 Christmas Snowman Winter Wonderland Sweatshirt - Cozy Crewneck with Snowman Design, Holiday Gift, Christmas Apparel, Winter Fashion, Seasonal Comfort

========================================================================

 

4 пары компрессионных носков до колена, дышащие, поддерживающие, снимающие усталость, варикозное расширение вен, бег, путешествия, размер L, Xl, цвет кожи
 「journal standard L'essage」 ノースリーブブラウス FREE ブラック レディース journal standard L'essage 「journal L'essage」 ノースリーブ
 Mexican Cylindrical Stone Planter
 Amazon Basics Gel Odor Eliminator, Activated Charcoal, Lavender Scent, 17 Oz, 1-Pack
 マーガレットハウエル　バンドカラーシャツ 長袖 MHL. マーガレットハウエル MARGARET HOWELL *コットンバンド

========================================================================

**Task**
Above are the records; copy exactly the lines from the line with "Amazon Basics Gel" through the line with "マーガレットハウエル　バンドカラーシャツ 長袖 MHL.", both included.

**Your solution**
 Amazon Basics Gel Odor Eliminator, Activated Charcoal, Lavender Scent, 17 Oz, 1-Pack
 マーガレットハウエル　バンドカラーシャツ 長袖 MHL. マーガレットハウエル MARGARET HOWELL *コットンバンド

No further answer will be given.